Assigned task:
Retype, word for word, every line from the one holding "Depois de da" through the one holding "Newton que, em" in the entries below, both included, and only those lines.

Records:

════════════════════

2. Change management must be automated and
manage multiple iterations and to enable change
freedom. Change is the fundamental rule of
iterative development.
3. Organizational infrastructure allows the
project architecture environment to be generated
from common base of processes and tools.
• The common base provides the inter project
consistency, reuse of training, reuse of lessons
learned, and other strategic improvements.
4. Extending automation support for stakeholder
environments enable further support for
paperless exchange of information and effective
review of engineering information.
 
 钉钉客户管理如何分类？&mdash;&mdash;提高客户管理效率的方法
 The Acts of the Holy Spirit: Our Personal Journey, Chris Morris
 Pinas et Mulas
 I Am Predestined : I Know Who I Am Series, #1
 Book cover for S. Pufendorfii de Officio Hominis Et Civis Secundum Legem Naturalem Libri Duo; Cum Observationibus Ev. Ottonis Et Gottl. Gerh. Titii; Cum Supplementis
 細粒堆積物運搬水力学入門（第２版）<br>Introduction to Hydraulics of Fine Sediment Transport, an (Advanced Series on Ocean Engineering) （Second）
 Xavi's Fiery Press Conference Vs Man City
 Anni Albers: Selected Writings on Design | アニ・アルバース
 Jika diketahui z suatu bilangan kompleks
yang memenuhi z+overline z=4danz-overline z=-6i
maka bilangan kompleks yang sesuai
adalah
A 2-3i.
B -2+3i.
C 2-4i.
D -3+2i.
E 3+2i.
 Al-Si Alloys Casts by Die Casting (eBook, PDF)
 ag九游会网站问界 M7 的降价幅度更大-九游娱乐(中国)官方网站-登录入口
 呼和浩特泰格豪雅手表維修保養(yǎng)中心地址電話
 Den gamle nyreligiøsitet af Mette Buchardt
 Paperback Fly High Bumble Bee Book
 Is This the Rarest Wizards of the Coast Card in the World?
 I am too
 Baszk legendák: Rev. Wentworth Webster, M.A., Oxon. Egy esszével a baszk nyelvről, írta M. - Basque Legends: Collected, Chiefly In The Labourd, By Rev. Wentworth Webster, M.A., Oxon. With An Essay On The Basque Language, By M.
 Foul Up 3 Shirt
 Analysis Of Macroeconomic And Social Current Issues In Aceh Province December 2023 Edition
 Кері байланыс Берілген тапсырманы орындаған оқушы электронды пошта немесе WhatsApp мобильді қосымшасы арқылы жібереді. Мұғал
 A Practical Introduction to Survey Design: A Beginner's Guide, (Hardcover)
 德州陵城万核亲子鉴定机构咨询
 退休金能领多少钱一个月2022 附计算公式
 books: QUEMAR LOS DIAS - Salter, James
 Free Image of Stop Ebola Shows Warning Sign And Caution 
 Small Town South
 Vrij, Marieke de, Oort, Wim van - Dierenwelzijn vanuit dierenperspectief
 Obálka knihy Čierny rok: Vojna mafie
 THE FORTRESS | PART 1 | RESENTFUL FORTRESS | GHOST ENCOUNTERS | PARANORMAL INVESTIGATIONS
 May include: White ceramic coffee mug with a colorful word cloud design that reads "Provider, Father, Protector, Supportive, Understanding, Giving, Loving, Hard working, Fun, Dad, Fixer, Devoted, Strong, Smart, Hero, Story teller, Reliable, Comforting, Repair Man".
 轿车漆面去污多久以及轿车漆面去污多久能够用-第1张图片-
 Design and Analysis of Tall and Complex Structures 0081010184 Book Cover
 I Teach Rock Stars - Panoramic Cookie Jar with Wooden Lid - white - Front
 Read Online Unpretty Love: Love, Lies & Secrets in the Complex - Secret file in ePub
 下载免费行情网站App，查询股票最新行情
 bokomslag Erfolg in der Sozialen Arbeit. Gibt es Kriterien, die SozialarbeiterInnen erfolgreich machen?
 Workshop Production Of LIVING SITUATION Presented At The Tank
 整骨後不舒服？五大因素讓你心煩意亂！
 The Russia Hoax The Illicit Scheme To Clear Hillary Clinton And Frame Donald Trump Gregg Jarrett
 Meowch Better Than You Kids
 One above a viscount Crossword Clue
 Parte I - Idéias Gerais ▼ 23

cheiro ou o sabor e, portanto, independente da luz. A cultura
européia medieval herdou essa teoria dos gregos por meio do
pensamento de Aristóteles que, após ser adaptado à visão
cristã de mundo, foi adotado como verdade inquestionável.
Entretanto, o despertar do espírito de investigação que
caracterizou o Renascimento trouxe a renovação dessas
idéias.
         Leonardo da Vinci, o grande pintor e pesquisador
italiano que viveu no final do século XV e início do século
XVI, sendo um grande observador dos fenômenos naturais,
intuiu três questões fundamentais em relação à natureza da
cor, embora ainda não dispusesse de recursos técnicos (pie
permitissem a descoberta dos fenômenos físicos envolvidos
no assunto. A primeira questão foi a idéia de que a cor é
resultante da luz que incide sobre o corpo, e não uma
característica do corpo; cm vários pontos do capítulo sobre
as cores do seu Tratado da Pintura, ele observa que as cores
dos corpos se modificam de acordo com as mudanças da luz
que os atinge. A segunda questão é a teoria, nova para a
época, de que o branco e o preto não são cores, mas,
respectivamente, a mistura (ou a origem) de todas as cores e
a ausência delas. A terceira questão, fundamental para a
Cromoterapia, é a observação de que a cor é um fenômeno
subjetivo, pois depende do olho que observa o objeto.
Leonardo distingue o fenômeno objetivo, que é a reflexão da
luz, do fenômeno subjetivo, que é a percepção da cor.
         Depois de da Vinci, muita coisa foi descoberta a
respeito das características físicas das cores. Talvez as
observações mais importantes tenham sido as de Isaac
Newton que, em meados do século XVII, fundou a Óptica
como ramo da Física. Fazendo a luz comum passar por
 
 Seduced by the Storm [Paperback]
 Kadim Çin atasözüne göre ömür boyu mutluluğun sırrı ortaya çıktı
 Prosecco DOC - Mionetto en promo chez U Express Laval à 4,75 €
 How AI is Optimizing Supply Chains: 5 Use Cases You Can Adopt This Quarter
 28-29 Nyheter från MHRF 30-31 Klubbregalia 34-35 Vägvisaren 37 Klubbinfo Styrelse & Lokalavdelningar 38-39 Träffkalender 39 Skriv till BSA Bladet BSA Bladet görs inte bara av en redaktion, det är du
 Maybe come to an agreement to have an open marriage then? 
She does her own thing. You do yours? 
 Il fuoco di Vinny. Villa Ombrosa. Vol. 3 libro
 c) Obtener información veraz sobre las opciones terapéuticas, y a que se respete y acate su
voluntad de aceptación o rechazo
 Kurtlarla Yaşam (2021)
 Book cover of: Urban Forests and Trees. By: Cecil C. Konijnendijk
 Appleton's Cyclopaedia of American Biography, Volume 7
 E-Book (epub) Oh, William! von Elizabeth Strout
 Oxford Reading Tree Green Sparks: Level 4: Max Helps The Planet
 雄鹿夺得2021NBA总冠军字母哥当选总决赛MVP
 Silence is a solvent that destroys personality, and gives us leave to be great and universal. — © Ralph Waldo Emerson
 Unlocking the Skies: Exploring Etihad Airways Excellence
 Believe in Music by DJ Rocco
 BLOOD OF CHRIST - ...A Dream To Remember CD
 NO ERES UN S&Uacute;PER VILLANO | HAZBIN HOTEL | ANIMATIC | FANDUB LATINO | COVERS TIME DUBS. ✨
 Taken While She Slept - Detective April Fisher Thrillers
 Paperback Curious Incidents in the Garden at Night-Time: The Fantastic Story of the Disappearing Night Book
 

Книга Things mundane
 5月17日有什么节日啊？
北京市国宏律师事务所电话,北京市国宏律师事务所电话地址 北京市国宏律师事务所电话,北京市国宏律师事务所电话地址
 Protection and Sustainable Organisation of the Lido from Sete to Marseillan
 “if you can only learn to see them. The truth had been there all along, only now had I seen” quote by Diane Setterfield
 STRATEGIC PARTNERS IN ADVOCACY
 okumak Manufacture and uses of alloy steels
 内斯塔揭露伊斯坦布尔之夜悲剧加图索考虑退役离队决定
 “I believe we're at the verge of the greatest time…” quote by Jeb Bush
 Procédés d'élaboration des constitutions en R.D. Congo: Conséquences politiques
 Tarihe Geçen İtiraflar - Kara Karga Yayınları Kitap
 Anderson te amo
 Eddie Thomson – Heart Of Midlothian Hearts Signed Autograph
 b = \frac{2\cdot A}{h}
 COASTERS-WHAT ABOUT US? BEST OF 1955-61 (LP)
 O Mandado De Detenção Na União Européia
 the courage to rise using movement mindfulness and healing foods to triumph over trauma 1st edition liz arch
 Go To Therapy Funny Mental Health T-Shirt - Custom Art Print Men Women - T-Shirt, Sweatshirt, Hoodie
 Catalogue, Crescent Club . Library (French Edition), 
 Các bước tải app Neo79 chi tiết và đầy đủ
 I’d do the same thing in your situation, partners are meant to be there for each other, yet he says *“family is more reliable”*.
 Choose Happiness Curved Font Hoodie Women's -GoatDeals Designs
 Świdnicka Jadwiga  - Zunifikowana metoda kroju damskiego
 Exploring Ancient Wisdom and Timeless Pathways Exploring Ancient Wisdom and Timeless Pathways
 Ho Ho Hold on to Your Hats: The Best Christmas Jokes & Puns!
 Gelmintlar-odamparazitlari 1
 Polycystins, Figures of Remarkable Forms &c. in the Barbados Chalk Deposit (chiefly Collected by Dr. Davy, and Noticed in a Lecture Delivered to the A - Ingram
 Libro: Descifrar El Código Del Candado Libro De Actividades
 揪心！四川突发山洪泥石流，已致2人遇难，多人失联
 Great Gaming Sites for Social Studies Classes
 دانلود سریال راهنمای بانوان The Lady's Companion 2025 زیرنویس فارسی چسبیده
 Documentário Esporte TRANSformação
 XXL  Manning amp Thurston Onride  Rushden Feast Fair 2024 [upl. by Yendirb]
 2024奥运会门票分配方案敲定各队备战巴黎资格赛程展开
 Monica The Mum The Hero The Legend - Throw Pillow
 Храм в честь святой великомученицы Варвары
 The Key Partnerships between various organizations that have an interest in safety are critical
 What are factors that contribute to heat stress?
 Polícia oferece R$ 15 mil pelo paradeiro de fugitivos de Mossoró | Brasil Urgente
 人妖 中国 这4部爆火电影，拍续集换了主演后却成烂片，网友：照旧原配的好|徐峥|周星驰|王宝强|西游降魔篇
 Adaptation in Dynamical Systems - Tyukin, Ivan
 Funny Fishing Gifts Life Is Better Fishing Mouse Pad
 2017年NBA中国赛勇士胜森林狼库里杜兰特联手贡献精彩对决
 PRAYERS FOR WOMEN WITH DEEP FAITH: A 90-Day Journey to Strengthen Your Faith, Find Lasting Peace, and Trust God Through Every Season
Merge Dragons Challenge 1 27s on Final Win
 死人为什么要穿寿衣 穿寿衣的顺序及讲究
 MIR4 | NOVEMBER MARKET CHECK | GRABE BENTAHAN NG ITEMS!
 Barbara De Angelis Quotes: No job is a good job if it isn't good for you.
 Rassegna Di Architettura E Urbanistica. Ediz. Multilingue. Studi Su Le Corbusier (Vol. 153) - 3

════════════════════

Answer space:
         Depois de da Vinci, muita coisa foi descoberta a
respeito das características físicas das cores. Talvez as
observações mais importantes tenham sido as de Isaac
Newton que, em meados do século XVII, fundou a Óptica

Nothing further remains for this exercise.